Threads
Now I will introduce how to explicitly define a thread and give it some work to do. This can be very good for workloads which are long running and data largely independent.
This section is somewhat based on The Book.
In the last section we looked at what a parallelization library like Rayon can do. Under the hood, it does
quite a lot of stuff. It subdivides a collection, in the examples I showed you, these collections were all
Vec<T>
, and it then allocates these chunks of the collection to some threads it gets from somewhere.
This allows us to create small pockets of parallelism, or if your formulate it slightly differently, even
quite long running programs.
But what if we wanted to control threads explicitly? Each thread might do something differently, do something long running, only act in reaction to an event or some data being sent, in that case, Rayon might get a bit confusing, and we don't necessarily want the thread to terminate until the very end of our program.
What is a Thread
While a process has it's own virtual memory space and is quite heavyweight, processes can't see each others data very well. A thread is not that. A thread is an execution unit. If your program is launched as a process (heavy), it has a thread, let's call it the main thread. That thread can then launch other threads which are contained within the process. Threads can each act independently, but aren't the same thing as the amount of cores in your CPU. More physical cores on the other hand, do allow you to run multiple threads in parallel, where as a single physical core can only run multiple threads concurrently.

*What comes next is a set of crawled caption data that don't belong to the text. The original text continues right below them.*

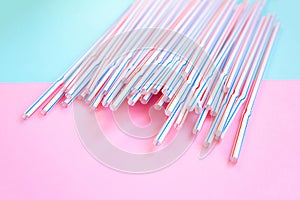 Plastic straws for cocktails. Pastel pink and blue colors. Summer vibes. Hipster party with beverages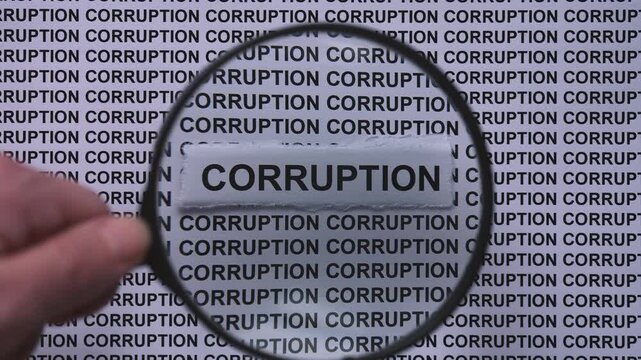 A person with a magnifying glass in his hand magnifying the words Corruption on a newspaper print background. Close up.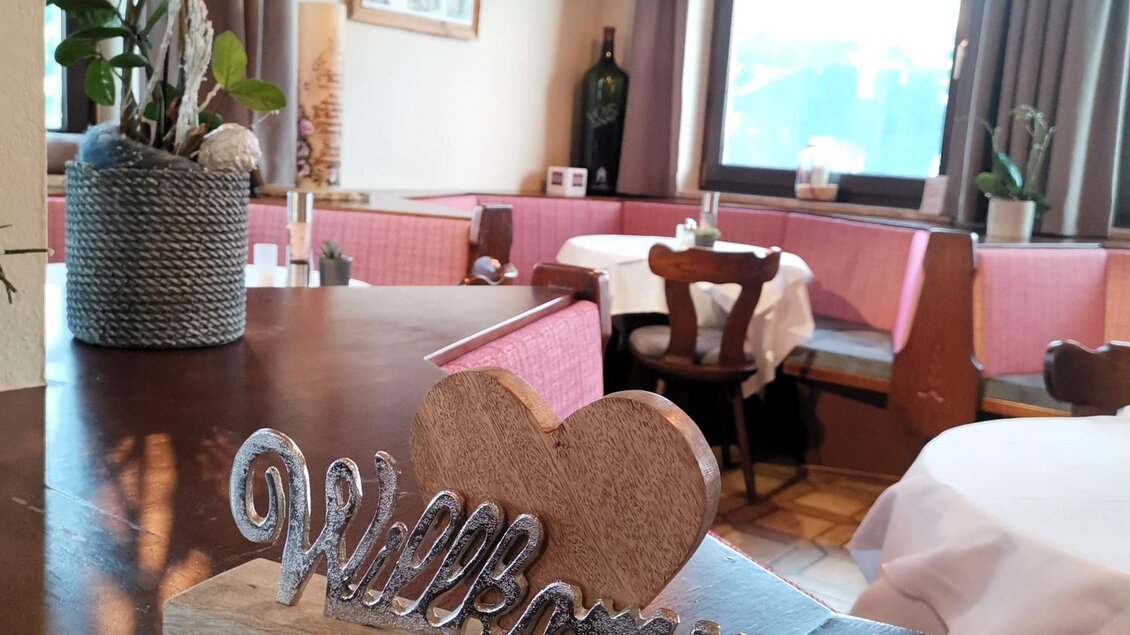 Eine einladende Restaurantatmosphäre mit einem willkommenen Schild aus Holz. Am Tisch stehen Pflanzen und das Licht sorgt für Gemütlichkeit. | © Hotel Pariente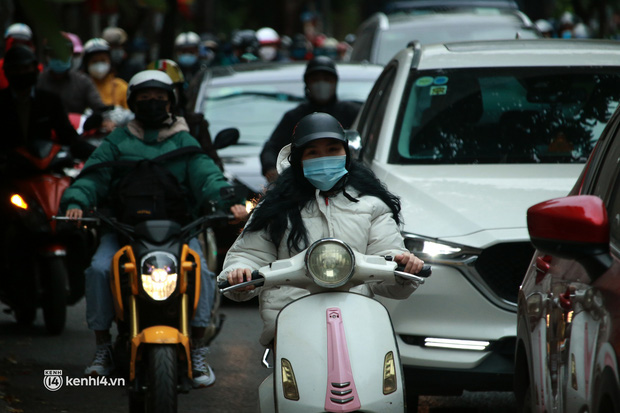 Hà Nội: Không khí lạnh bao trùm sáng đầu tuần, người dân phải mặc thêm áo mưa chống rét dù trời tạnh ráo-9
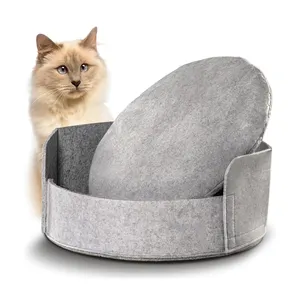 Venta al por mayor personalizado calmante cama de fieltro para mascotas suave redonda lavable gato cesta casa con fondo antideslizante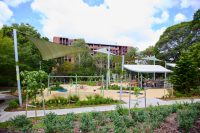 Johnson Park. Children's playground with climbing structures and rubberized surface under green shade sails in a sunny park area.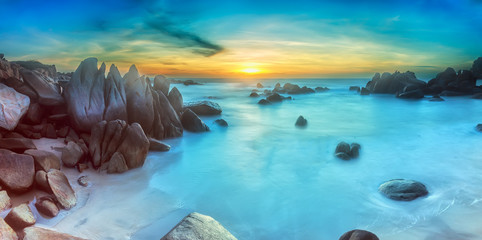 Naklejka premium Ke Ga sea sunrise, Binh Thuan with rock structures leads into the sun rises, the sea make the beach more impressive when welcoming a new day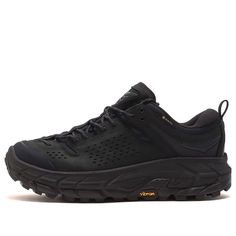 Looking for the perfect pair of shoes to take on any terrain? Look no further than the Hoka One One Tor Ultra Low GORE-TEX 'Black' 1130310-BBLC. These shoes are designed with the adventurous outdoor explorer in mind, featuring a GORE-TEX waterproof membrane to keep your feet dry in any weather. The low-cut design provides maximum stability and support, with a Vibram MegaGrip outsole for unbeatable traction on even the toughest terrains. But it's not just about function - the sleek black design o Black Low-top Rugged Trail Running Shoes, Rugged Black Low-top Trail Running Shoes, Black Rugged Breathable Sneakers, Gore-tex Low-top Walking Shoes With Vibram Sole, Low-top Gore-tex Walking Shoes With Vibram Sole, Econyl Sneakers With Round Toe For Walking, Econyl Sneakers For Walking With Round Toe, Econyl Sneakers For Walking, Rugged Black Trail Running Shoes With Vibram Sole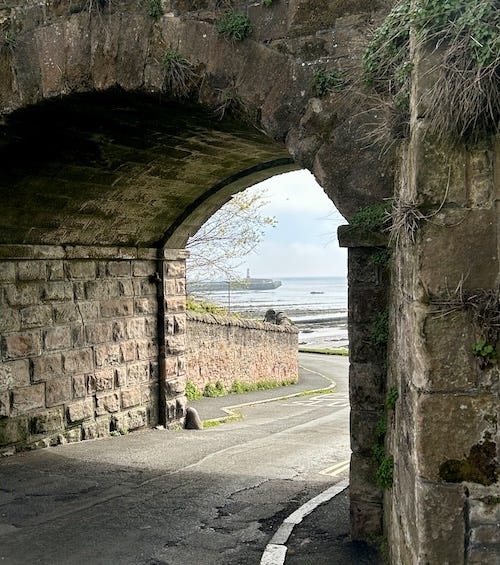 An stone archway through which a narrow road runs through with the sea and a lighthouse in the distance at the end of a causeway. An stone archway through which a narrow road runs through with the sea and a lighthouse in the distance at the end of a causeway.
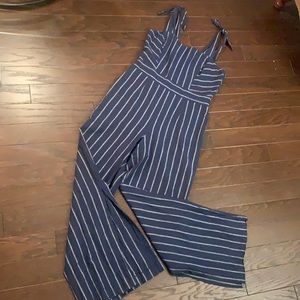 Stripped blue jumpsuit with adjustable tied straps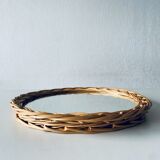 Round mirror in vintage wicker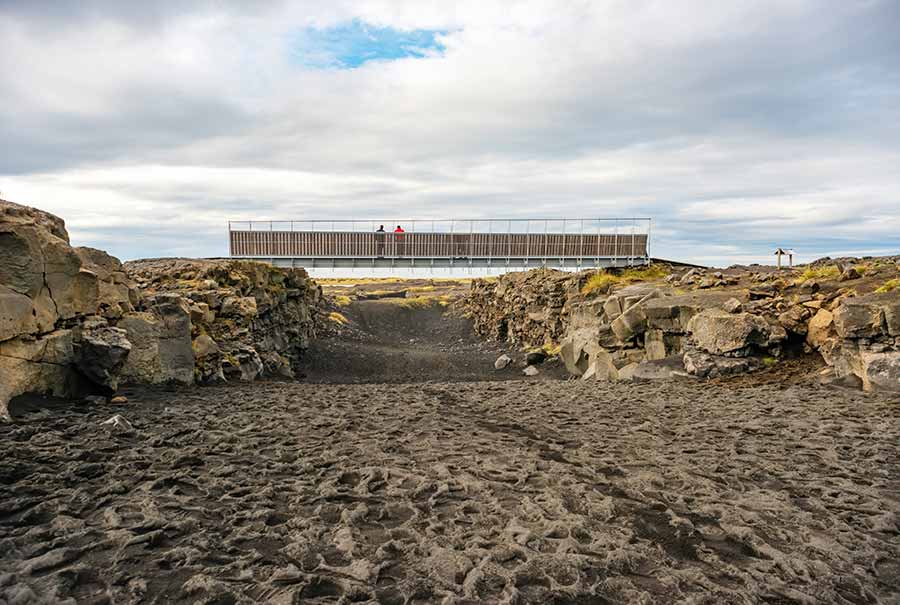 Tourists walking on the Bridge Between Continents over a rugged rift valley in Iceland, showcasing the geological marvel where the Eurasian and North American tectonic plates meet.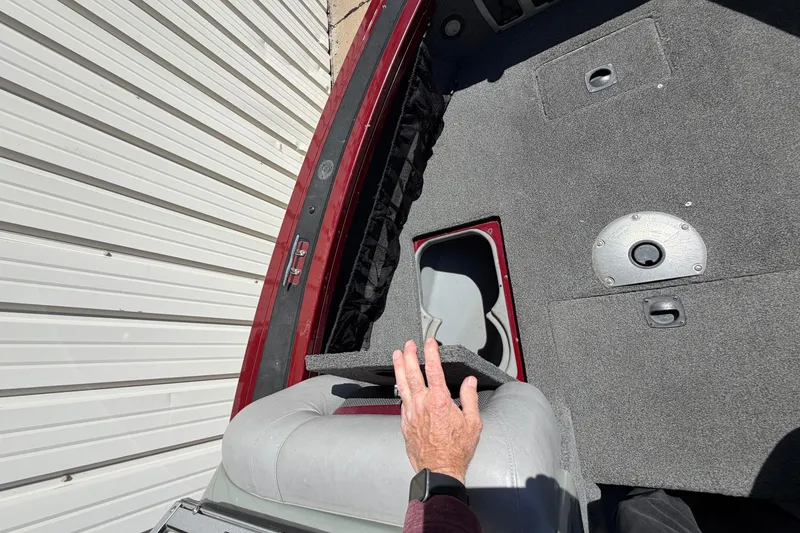 Slide: The Image of 2016 Bass Tracker Tournament V-18 boat interior with storage compartment and seating. - 13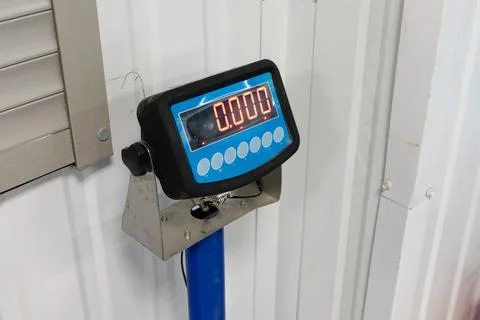 Weighing scale displaying zero at a storage facility Stock Photos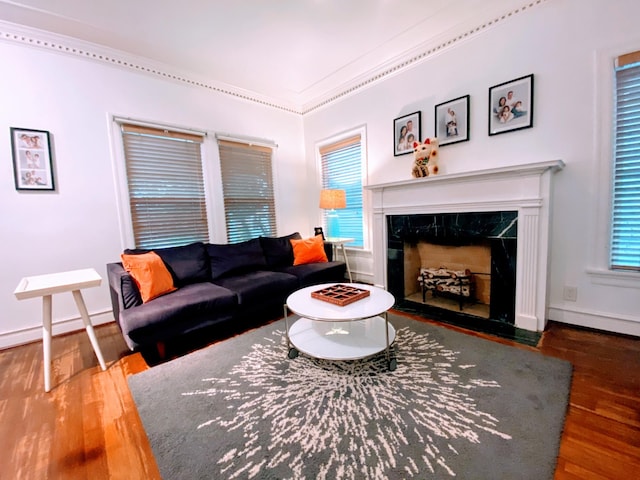 1964 Norfolk St, Houston, TX 77098 - living room featuring wood finished floors, healthy amount of natural light, a premium fireplace, baseboards, and crown molding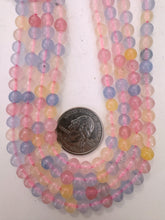 color enhanced quartz: pastel pink blue yellow, 6mm round, 15" strand, sold per strand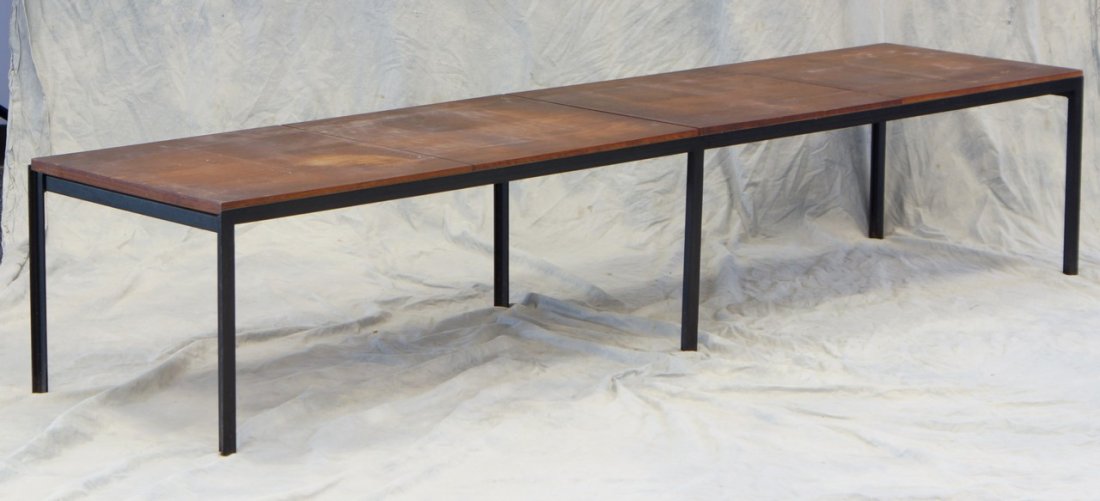 Knoll rectangular coffee table with black painted steel: Knoll rectangular coffee table with black painted steel legs and four panel segmented top, paper label on underside, 16" h, 20" d, 80-1/2" long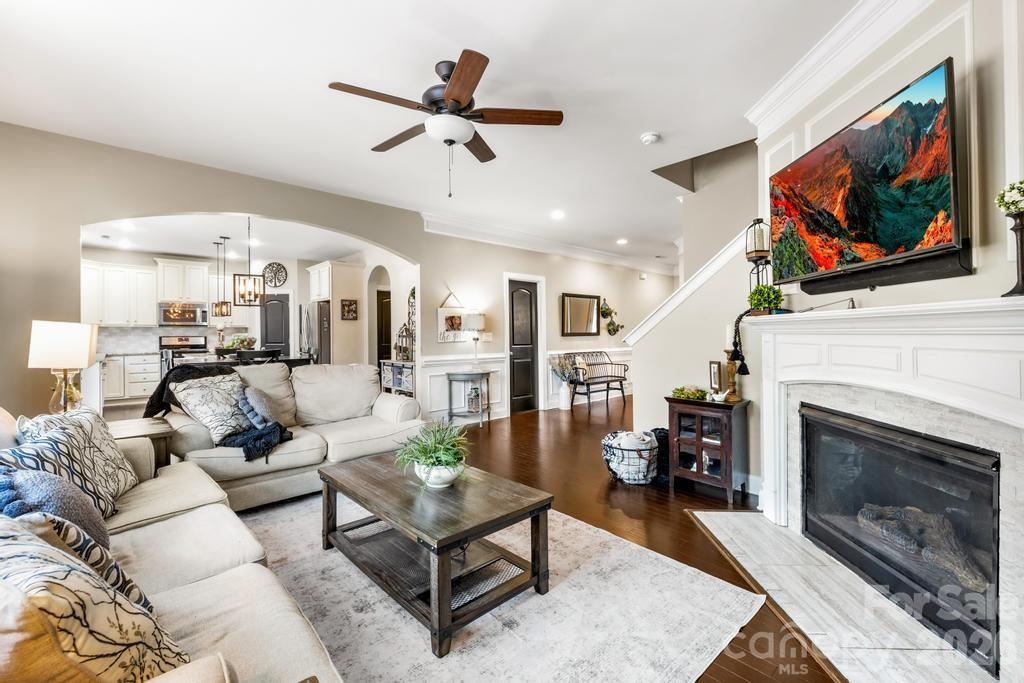 1007 Hamil Ridge Drive Waxhaw, NC 28173 - Photo 22 of 44 a living room with furniture a flat screen tv and a fireplace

I really hope that makes sense. You should probably read it again...
Lots of threads are running on your computer at any time. At the time of writing, I can open up Task Manager in Windows 10 and click the Performance tab too see that I have a whopping 4693 threads and 303 processes running. The number keeps changing, it won't stand still. I certainly don't have 4693 cores in my laptop. It is actually 4 cores with 8 logical processors, so if I were to partition my program into N number of threads, I would probably default to suggest the program to use 8 threads, maybe more.
These threads can execute, wait for a bit, be swapped in and out for other threads. In our programs we can both have long running threads, which might even be alive for the entire duration of our program, or we can launch threads whenever we have some additional work to be done. Asking the operating system for more threads is a costly affair however, think back to memory allocation, any time we ask the operating system for anything it is going to be expensive. The remedy to this, much like bigger programs keeping memory around to not have it be deallocated, is to either make a thread pool yourself, or for the library/framework/whatever-you-are-using to maintain a thread pool. A thread pool is some data structure which keeps a bunch of threads around, keeping them from either running free or returning to the operating system, to quickly wake them up and give them some work to do, before they can be returned to the thread pool again.
Launching a Thread
For this section I have a project ready in m2_concurrency::code::threads
or you can find it
online.
Go to the basic_threading
function. In it we launch some threads using the standard libraries
thread::spawn()
and give it a closure to execute. Each thread, including the main thread
will print their name in a loop, waiting for a bit after each print. I get the following output -
This is all over the place. Two things to note - the main thread, despite not printing until it has spawned all of the other threads, prints before some of them. Also, we don't have a handle to any of the threads after spawning them. Thus we don't have any means of synchronized execution or anything like that. The threads might still be alive when the main thread is done executing.
Joining, Wishing, Waiting
Another thing we could do, is to hold on to each thread handle. That would allow us to make sure that
all threads were done before exiting. Go to the function basic_threading_with_termination
and see how that can
done.
So we keep the handles for the spawned threads, but at the end we do somethin called .join()
on each handle.
It is one of the simplest synchronization primitives. We just wait for the specific thread we are
joining on to finish executing the function it was given. This is a blocking call, so if that thread has gotten
into trouble, say, an infinite while-loop, we will be waiting on that thread indefinitely. But, we launched
it with a very simple task, so we know we won't be waiting for too long. This is in a way, a manual barrier,
except where with a barrier we could have multiple barriers in a threads program, we strictly wait for that
thread to execute the given code in its entirety. Once it is finished it either rejoins the thread pool
or its execution path joins the main threads execution path.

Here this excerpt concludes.